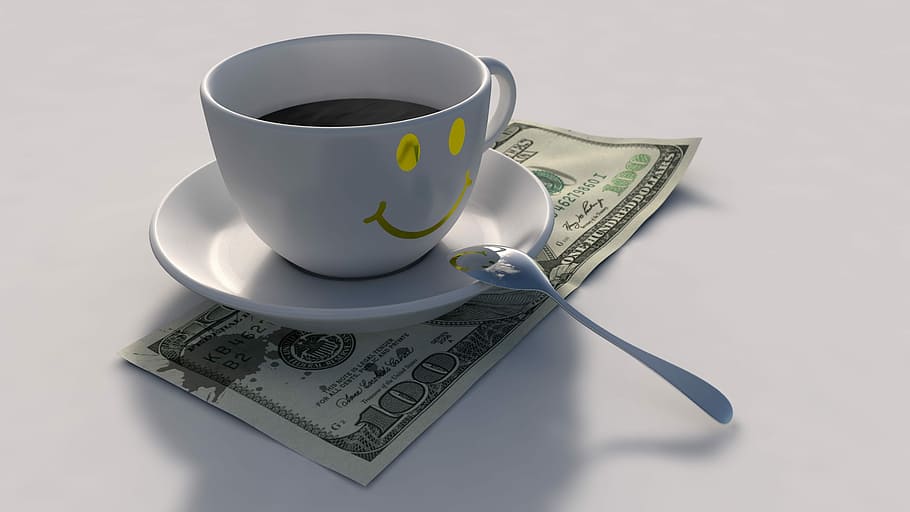alb, ceramică, halbă, top, bancnote, cafea, cafenea, ceașcă, zâmbet, zâmbitoare, zâmbitor, față, fericit, însorit, zi, dolar, bani, sută, valută, linguriţă, mic dejun, succes, bogatie, bine dispus, O zi bună, frumos, bani lichizi, face, argint, băutură, farfurioară, mancare si bautura, mănâncă ustensile, faianță, ustensile de bucatarie, studio shot, cană de cafea, ceai de ceai, moneda de hartie, bautura fierbinte, finanţa, cafea - băutură, în interior, nici o persoana, argintiu colorat, economie, ceai de după-amiază, 2K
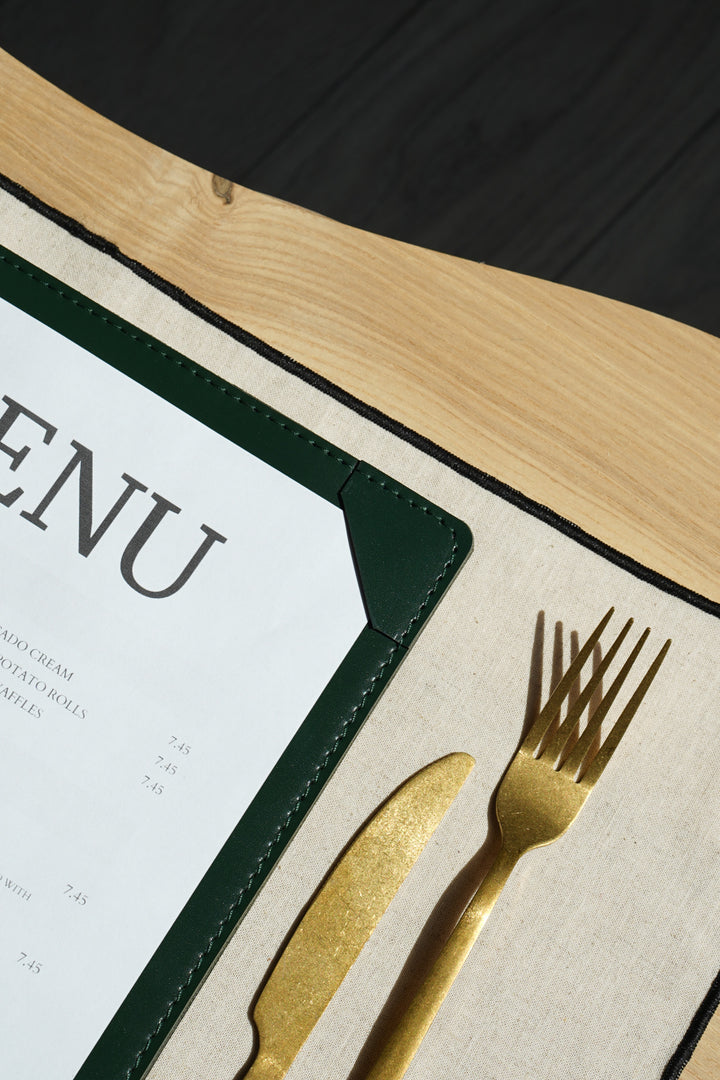 Personalized Leather Menu Holder: Restaurant Drink List Cover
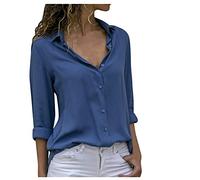 AMDOLE Camisa de mujer sólida IndustrieCasal Top Carnaval traje señoras, azul, L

Your goal:
If the listing above includes images, copy every line of it exactly except those images.

Task answer:
alb, ceramică, halbă, top, bancnote, cafea, cafenea, ceașcă, zâmbet, zâmbitoare, zâmbitor, față, fericit, însorit, zi, dolar, bani, sută, valută, linguriţă, mic dejun, succes, bogatie, bine dispus, O zi bună, frumos, bani lichizi, face, argint, băutură, farfurioară, mancare si bautura, mănâncă ustensile, faianță, ustensile de bucatarie, studio shot, cană de cafea, ceai de ceai, moneda de hartie, bautura fierbinte, finanţa, cafea - băutură, în interior, nici o persoana, argintiu colorat, economie, ceai de după-amiază, 2K
 Personalized Leather Menu Holder: Restaurant Drink List Cover
 AMDOLE Camisa de mujer sólida IndustrieCasal Top Carnaval traje señoras, azul, L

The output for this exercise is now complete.